Artigo: O arquiteto do mal
O recente processo eleitoral brasileiro parece ter mergulhado boa parte da população no mais absoluto obscurantismo, levando a pensar que essas pessoa nunca estudaram História, nem tem consciência de que estão flertando com um perigoso movimento autoritário.
Claro que para muitos isso não passa de bazófias de campanha, fanfarronices sem nenhuma intenção de serem executadas. Mas, a História demonstra que, embora monstros como Hitler sejam raros, são inúmeros os seguidores que interpretam e executam seus mais loucos desejos e proposições. Ou seja, são pessoas comuns que cometem atos monstruosos.
Um destes personagens foi Otto Adolf Eichmann, um tenente-coronel das SS designado para gerir a logística das deportações de massa dos judeus para os guetos e campos de extermínio. Ele pesquisou maneiras práticas, econômicas e eficazes de executar judeus, ciganos, homossexuais e outros “inimigos do estado alemão”.
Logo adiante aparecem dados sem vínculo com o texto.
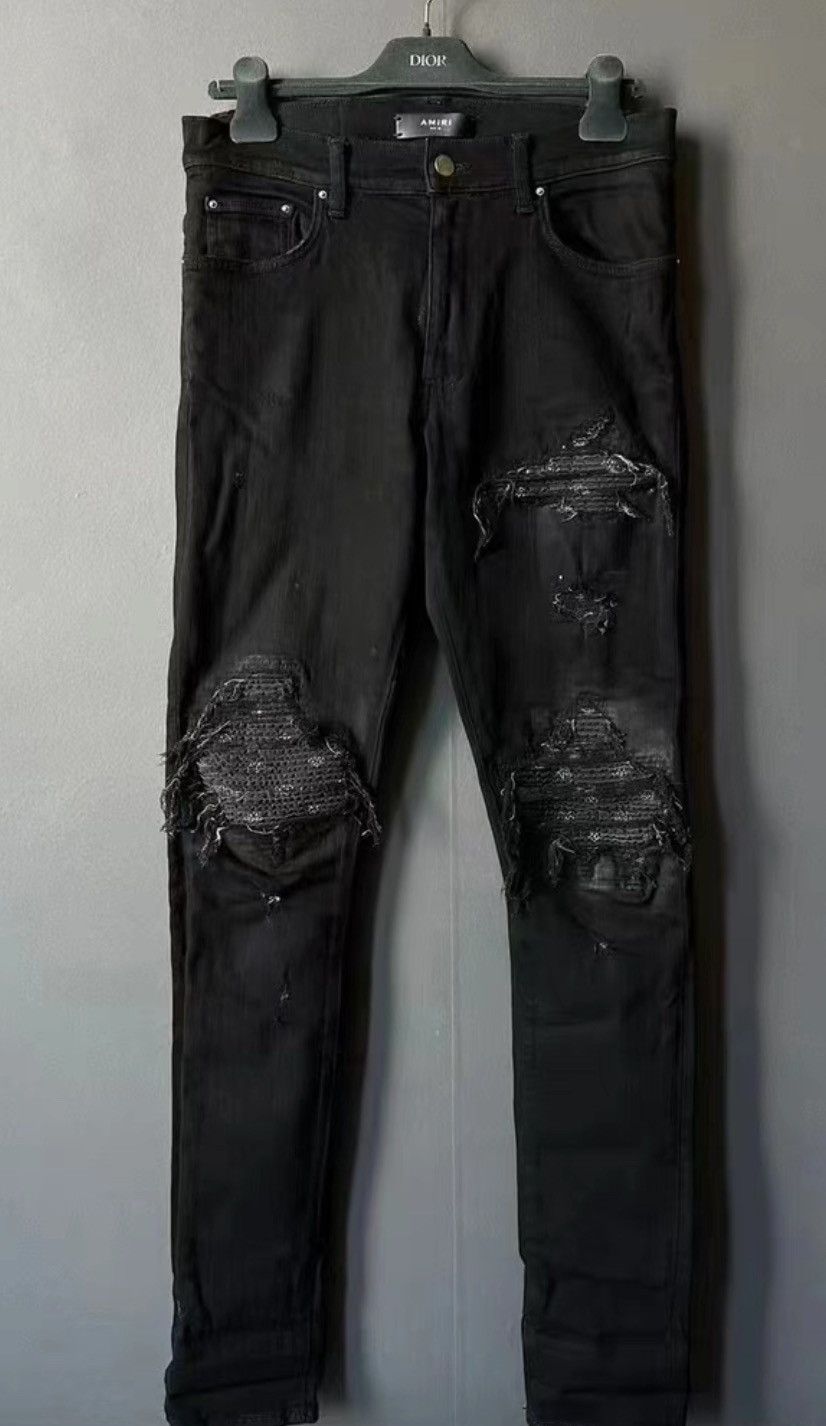 image of Amiri Cashew Flower Jeans in Black, Men's (Size 32)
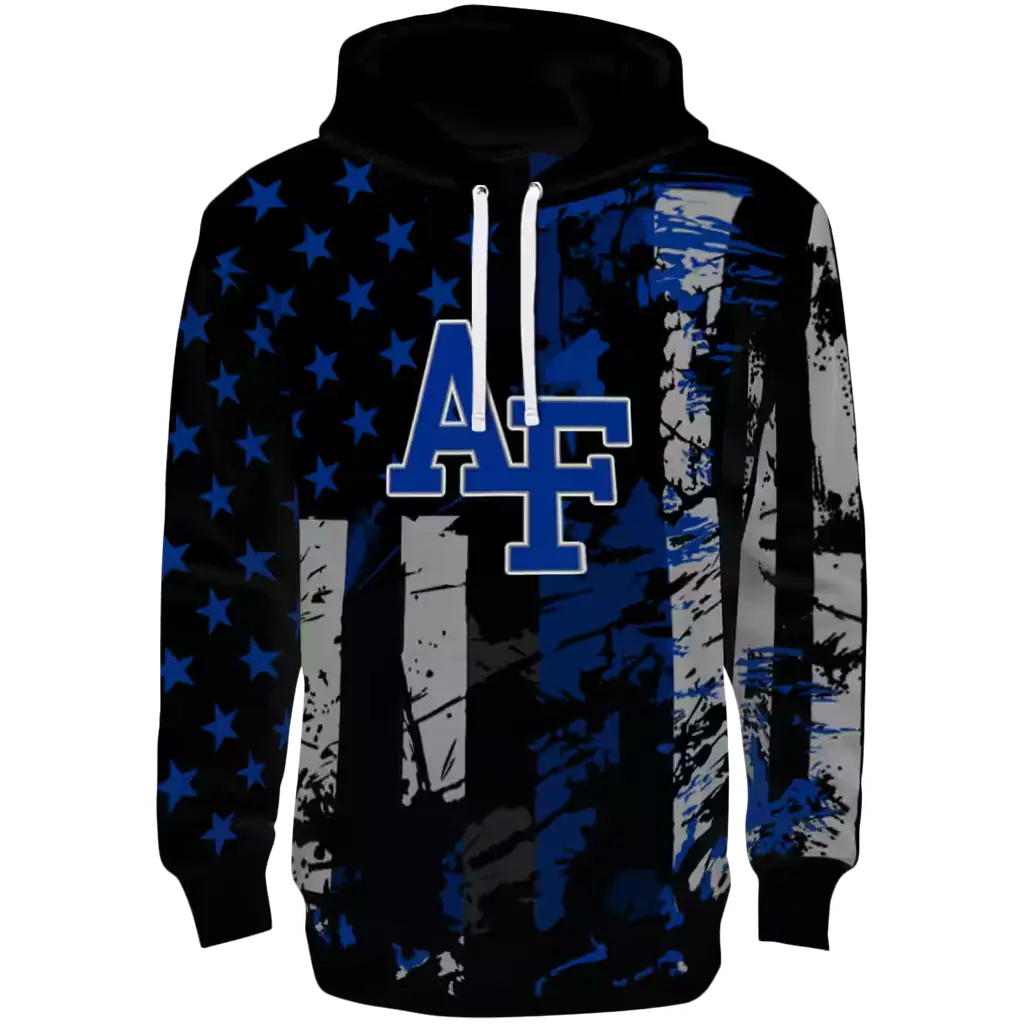 customized air force falcons distressed flag blue black hoodie best selling customized air force falcons distressed flag blue black hoodie best selling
Depois de testar o fuzilamento e asfixia dos prisioneiros em caminhões com os gases do escapamento, foi adotado o uso do gás Zyklon-B, e criado toda uma sistematização para o extermínio em massa em inúmeros campos como Dachau, Treblinka, Auschwitz-Birkenau e muitos outros.
Eichmann era sempre muito cuidadoso em evitar rastros sobre seus atos, que pudessem incriminá-lo no futuro. Como muitos outros oficiais alemães, saiu da Alemanha após o final do conflito usando documentos falsos, e refugiou-se na Argentina, país que tinha se mantido neutro durante a guerra.
Em 1960, Eichmann foi localizado pelo Mossad, o serviço secreto israelense. Numa operação audaciosa, um grupo de agentes sequestrou o alemão e conduziu para Israel. Ali foi submetido a um julgamento conturbado, que teve repercussão mundial. Condenado à morte, ele foi enforcado em 01 de junho de 1962.
Muitos se perguntam o porquê do destaque da atuação de Eichmann, um oficial de média patente. Mas, além de sua atuação de destaque na execução do Holocausto, Eichmann era um homem extremamente frio e calculista, que resistiu até o final em admitir sua culpa. Seu julgamento, entretanto, permitiu dar visibilidade aos horrores do Holocausto, que ninguém queria investigar, nem mesmo os próprios judeus. Algo parecido com a atitude que nós temos com relação aos desmandos da nossa ditadura.
Existem três ótimos filmes sobre o assunto, e cada um traz uma abordagem diferente. O mais recente é “Operação Final” (“Operation Finale”, EUA, 2018), onde Ben Kingsley vive o oficial alemão. Este filme reconta a operação feita pelo Mossad para sequestrar Eichmann na Argentina e levá-lo para Israel. O filme é romantizado com elementos de ação para torná-lo mais agradável ao grande público.
O segundo filme, “The Eichmann Show” (EUA, 2015), trata da cobertura do julgamento de Eichmann em Israel. Submetidos a uma imensa pressão, tanto pela população judaica, que não entendia porque precisava de um julgamento, como pelos nazistas remanescentes, os jornalistas Milton Fruchtman (Martin Freeman) e Leo Hurwitz (Anthony LaPaglia) fazem a cobertura do processo, que se tornou o primeiro julgamento do mundo com divulgação mundial. O filme ficou bastante enriquecido com imagens reais tanto do julgamento quanto dos campos de extermínio.
O terceiro filme, “A Solução Final” (“Eichmann”, EUA, 2007), mostra o período entre o sequestro e o julgamento. Através da ótica do capitão de polícia Avner Less (Troy Garit), o filme mostra os interrogatórios conduzidos pelo policial com Eichmann (Thomas Krestschmann), devassando várias etapas da vida do alemão e suas inúmeras atrocidades.
Com frieza e cinismo, Eichmann desafia Avner num jogo psicológico em que ele parece ter domínio absoluto. Submetido à tremenda pressão da opinião pública israelense e mundial, Avner é o único que tem contato direto com o alemão, e tenta de todas as maneiras levá-lo à admissão de culpa pelos seus crimes.
Estes três filmes permitem uma visão de um homem comum dotado de poderes que o levaram a cometer atos inomináveis, movido simplesmente pela desculpa da hierarquia e de atendimento aos desejos do líder supremo. Será que já não estamos vendo aqui no Brasil indícios de atitudes semelhantes, mesmo antes da definição das eleições?
Recomendo a todos que assistam estes três filmes, para que nos lembrem do que o ser humano é capaz, principalmente com a banalização do mal, fenômeno percebido pela filósofa e escritora Hannah Arendt, ela mesma uma sobrevivente de campos de concentração, e que atuou como jornalista na cobertura do julgamento de Eichmann.